On Language and All That Is Lost in Transit

Is there anything more than those ideas and thoughts that can be put into words? Can you think something that is unable to be expressed, something that cannot be mechanically translated from the ‘pre-lingual’ notion in your head into a collectively understood syntax? Is there ‘thought’ before language? This is the question that remains to be answered.

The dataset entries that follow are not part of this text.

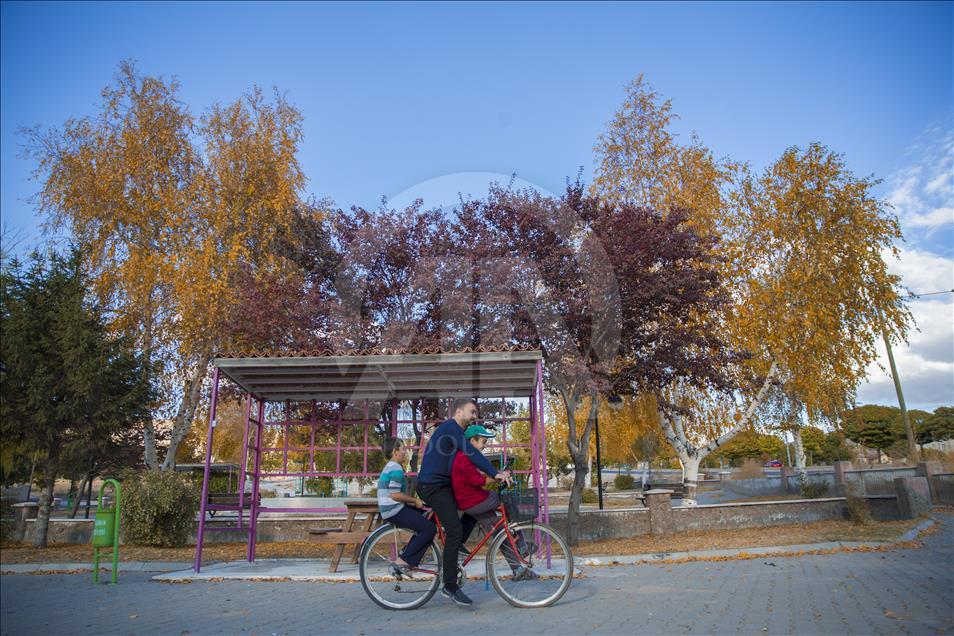 Kayseri'de sonbahar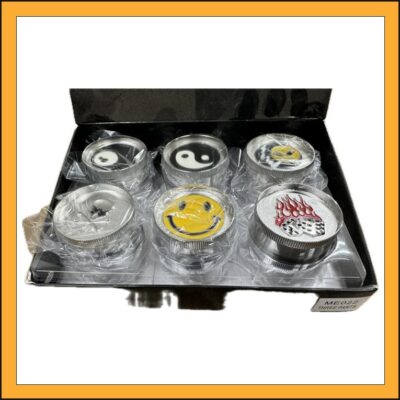 GRINDER 52*29MM 3 PART ME022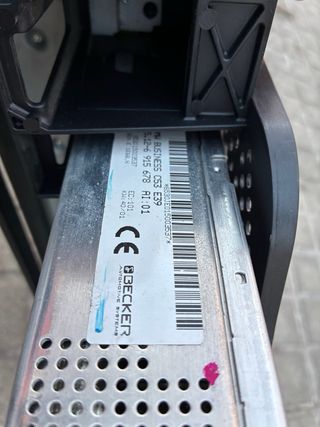 Radio BMW E39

In a highly scientific age, such as our own, the habitual response is to make thought a universal feature in nature; to flatten thinking, until it is ubiquitous. Clearly, the brain operates before language is acquired. Infants ‘think’ in this colloquial sense – that is, they exhibit the outer signs of life, they have some sensory experience. They smile back at the face of their mother. They cry when they feel pain. Animals could be said to ‘think’ in this way as well. The lion intends to hunt for it is hungry. The sparrow builds its nest and feeds its young. The outworks of intent are present. These ‘thinking’ creatures respond to stimuli and mere “sensations are enough to guide them automatically” (Durkheim 338). Thought understood like this – as a feature of sentience, undifferentiated – is a reflection of our modern, scientific ethos, which urges us to imagine ourselves as indistinct from nature. Of course, the scientists are right. Each of us is part of nature. We are composed of the same material and have a shared physiognomy: we are animals. Yet, it seems to me that the drive to entirely untether thought from anything specifically human is misguided. Schopenhauer said somewhere that “the mere addition of thought gives rise to the vast and lofty structure of human happiness and misery from the same basic sensations of pain and pleasure, which are experienced by every animal.” (Schopenhauer, 17). He captures a subtlety that has been lost in modern discourse. We can embrace our animal nature, while simultaneously understanding mankind as somehow distinct, and that thought is the demarcation. It seems, however, we are still in desperate need of a definition of thought. To settle on one, we must seek out that which separates man from animal because that is thought.

Vision once seemed to me to be the most objective sense. However, a recent visit to an optometrist disabused me of this notion. Regardless, I think the intuition is quite common. Unlike smell or taste, which are challenging to describe in language, the experience of sight seems so easily communicable. I am now convinced that, in actuality, vision is the most deceptive, precisely for the apparent effortlessness of its transliteration into words. If I were to attempt to describe a sensation, I could convey the abstract concept, but none of the feeling: “it is impossible for me to pass a sensation of my consciousness along to some else’s consciousness; it has the stamp of my body and my personality and cannot be detached from me” (Durkheim 329). Indeed, I have no way of knowing that the subjective experience of the other has any true correspondence to my own. The general concordance gives no reason to be suspicious, all the while the actual texture of the experience is abraded by language.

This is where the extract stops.